╭─ EXERCISE DATA

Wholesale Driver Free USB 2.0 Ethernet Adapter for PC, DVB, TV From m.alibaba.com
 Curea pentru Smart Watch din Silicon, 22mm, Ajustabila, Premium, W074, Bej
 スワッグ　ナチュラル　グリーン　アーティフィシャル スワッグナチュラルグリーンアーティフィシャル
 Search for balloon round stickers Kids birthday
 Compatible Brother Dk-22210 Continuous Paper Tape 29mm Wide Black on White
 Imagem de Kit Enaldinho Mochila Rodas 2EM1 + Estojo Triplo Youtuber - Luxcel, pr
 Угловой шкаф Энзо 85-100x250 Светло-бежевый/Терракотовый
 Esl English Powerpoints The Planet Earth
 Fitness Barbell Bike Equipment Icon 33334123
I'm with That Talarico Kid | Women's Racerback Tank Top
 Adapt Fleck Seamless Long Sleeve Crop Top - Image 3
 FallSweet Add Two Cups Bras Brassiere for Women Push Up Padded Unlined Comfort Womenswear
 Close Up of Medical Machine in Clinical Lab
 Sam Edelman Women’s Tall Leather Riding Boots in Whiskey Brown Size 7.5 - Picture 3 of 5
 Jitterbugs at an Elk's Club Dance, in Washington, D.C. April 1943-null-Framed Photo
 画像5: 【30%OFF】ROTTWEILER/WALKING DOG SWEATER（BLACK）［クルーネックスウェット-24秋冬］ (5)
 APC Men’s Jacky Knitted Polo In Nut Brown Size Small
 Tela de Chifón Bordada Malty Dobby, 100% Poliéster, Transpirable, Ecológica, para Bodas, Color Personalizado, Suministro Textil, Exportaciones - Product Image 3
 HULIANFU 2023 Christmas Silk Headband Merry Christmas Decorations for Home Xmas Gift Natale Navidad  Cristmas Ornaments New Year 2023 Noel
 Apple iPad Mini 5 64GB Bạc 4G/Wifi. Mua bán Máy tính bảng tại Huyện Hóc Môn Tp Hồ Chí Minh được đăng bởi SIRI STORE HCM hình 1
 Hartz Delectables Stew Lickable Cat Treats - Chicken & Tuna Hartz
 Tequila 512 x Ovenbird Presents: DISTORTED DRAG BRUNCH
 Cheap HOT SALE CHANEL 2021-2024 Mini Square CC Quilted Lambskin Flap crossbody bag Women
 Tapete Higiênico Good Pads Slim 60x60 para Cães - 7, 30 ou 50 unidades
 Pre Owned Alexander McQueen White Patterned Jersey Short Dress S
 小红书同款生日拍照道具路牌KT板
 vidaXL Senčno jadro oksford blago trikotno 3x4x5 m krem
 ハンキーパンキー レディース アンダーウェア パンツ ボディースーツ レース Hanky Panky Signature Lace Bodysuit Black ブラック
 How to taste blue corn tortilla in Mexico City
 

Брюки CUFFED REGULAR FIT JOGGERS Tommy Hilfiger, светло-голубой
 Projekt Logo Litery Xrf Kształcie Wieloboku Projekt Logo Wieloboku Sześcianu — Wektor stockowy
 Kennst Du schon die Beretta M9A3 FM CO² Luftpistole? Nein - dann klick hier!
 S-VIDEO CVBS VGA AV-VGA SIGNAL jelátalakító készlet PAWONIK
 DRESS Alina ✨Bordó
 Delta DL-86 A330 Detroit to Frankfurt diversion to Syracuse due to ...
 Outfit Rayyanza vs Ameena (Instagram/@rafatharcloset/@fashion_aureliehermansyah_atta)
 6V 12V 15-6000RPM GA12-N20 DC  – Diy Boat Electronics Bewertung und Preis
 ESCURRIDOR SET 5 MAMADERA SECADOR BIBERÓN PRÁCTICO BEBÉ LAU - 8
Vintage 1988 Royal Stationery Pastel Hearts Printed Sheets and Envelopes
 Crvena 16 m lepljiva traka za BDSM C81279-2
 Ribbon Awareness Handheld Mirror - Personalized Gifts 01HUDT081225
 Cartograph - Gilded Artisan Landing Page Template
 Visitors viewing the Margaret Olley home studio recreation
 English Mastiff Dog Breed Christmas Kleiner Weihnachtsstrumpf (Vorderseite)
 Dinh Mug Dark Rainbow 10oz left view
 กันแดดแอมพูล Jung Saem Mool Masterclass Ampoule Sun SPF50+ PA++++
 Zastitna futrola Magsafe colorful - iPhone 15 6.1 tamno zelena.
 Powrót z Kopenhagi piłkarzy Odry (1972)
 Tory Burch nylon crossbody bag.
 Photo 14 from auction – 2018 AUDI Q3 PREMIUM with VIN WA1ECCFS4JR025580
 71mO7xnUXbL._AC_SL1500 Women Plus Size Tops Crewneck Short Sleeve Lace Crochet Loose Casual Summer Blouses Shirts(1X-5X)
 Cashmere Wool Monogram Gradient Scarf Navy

╰─

▸ **TASK INSTRUCTIONS**: So that nothing is lost, return the listing exactly and completely.

▸ **OUTPUT OF THE TASK**:
Wholesale Driver Free USB 2.0 Ethernet Adapter for PC, DVB, TV From m.alibaba.com
 Curea pentru Smart Watch din Silicon, 22mm, Ajustabila, Premium, W074, Bej
 スワッグ　ナチュラル　グリーン　アーティフィシャル スワッグナチュラルグリーンアーティフィシャル
 Search for balloon round stickers Kids birthday
 Compatible Brother Dk-22210 Continuous Paper Tape 29mm Wide Black on White
 Imagem de Kit Enaldinho Mochila Rodas 2EM1 + Estojo Triplo Youtuber - Luxcel, pr
 Угловой шкаф Энзо 85-100x250 Светло-бежевый/Терракотовый
 Esl English Powerpoints The Planet Earth
 Fitness Barbell Bike Equipment Icon 33334123
I'm with That Talarico Kid | Women's Racerback Tank Top
 Adapt Fleck Seamless Long Sleeve Crop Top - Image 3
 FallSweet Add Two Cups Bras Brassiere for Women Push Up Padded Unlined Comfort Womenswear
 Close Up of Medical Machine in Clinical Lab
 Sam Edelman Women’s Tall Leather Riding Boots in Whiskey Brown Size 7.5 - Picture 3 of 5
 Jitterbugs at an Elk's Club Dance, in Washington, D.C. April 1943-null-Framed Photo
 画像5: 【30%OFF】ROTTWEILER/WALKING DOG SWEATER（BLACK）［クルーネックスウェット-24秋冬］ (5)
 APC Men’s Jacky Knitted Polo In Nut Brown Size Small
 Tela de Chifón Bordada Malty Dobby, 100% Poliéster, Transpirable, Ecológica, para Bodas, Color Personalizado, Suministro Textil, Exportaciones - Product Image 3
 HULIANFU 2023 Christmas Silk Headband Merry Christmas Decorations for Home Xmas Gift Natale Navidad  Cristmas Ornaments New Year 2023 Noel
 Apple iPad Mini 5 64GB Bạc 4G/Wifi. Mua bán Máy tính bảng tại Huyện Hóc Môn Tp Hồ Chí Minh được đăng bởi SIRI STORE HCM hình 1
 Hartz Delectables Stew Lickable Cat Treats - Chicken & Tuna Hartz
 Tequila 512 x Ovenbird Presents: DISTORTED DRAG BRUNCH
 Cheap HOT SALE CHANEL 2021-2024 Mini Square CC Quilted Lambskin Flap crossbody bag Women
 Tapete Higiênico Good Pads Slim 60x60 para Cães - 7, 30 ou 50 unidades
 Pre Owned Alexander McQueen White Patterned Jersey Short Dress S
 小红书同款生日拍照道具路牌KT板
 vidaXL Senčno jadro oksford blago trikotno 3x4x5 m krem
 ハンキーパンキー レディース アンダーウェア パンツ ボディースーツ レース Hanky Panky Signature Lace Bodysuit Black ブラック
 How to taste blue corn tortilla in Mexico City
 

Брюки CUFFED REGULAR FIT JOGGERS Tommy Hilfiger, светло-голубой
 Projekt Logo Litery Xrf Kształcie Wieloboku Projekt Logo Wieloboku Sześcianu — Wektor stockowy
 Kennst Du schon die Beretta M9A3 FM CO² Luftpistole? Nein - dann klick hier!
 S-VIDEO CVBS VGA AV-VGA SIGNAL jelátalakító készlet PAWONIK
 DRESS Alina ✨Bordó
 Delta DL-86 A330 Detroit to Frankfurt diversion to Syracuse due to ...
 Outfit Rayyanza vs Ameena (Instagram/@rafatharcloset/@fashion_aureliehermansyah_atta)
 6V 12V 15-6000RPM GA12-N20 DC  – Diy Boat Electronics Bewertung und Preis
 ESCURRIDOR SET 5 MAMADERA SECADOR BIBERÓN PRÁCTICO BEBÉ LAU - 8
Vintage 1988 Royal Stationery Pastel Hearts Printed Sheets and Envelopes
 Crvena 16 m lepljiva traka za BDSM C81279-2
 Ribbon Awareness Handheld Mirror - Personalized Gifts 01HUDT081225
 Cartograph - Gilded Artisan Landing Page Template
 Visitors viewing the Margaret Olley home studio recreation
 English Mastiff Dog Breed Christmas Kleiner Weihnachtsstrumpf (Vorderseite)
 Dinh Mug Dark Rainbow 10oz left view
 กันแดดแอมพูล Jung Saem Mool Masterclass Ampoule Sun SPF50+ PA++++
 Zastitna futrola Magsafe colorful - iPhone 15 6.1 tamno zelena.
 Powrót z Kopenhagi piłkarzy Odry (1972)
 Tory Burch nylon crossbody bag.
 Photo 14 from auction – 2018 AUDI Q3 PREMIUM with VIN WA1ECCFS4JR025580
 71mO7xnUXbL._AC_SL1500 Women Plus Size Tops Crewneck Short Sleeve Lace Crochet Loose Casual Summer Blouses Shirts(1X-5X)
 Cashmere Wool Monogram Gradient Scarf Navy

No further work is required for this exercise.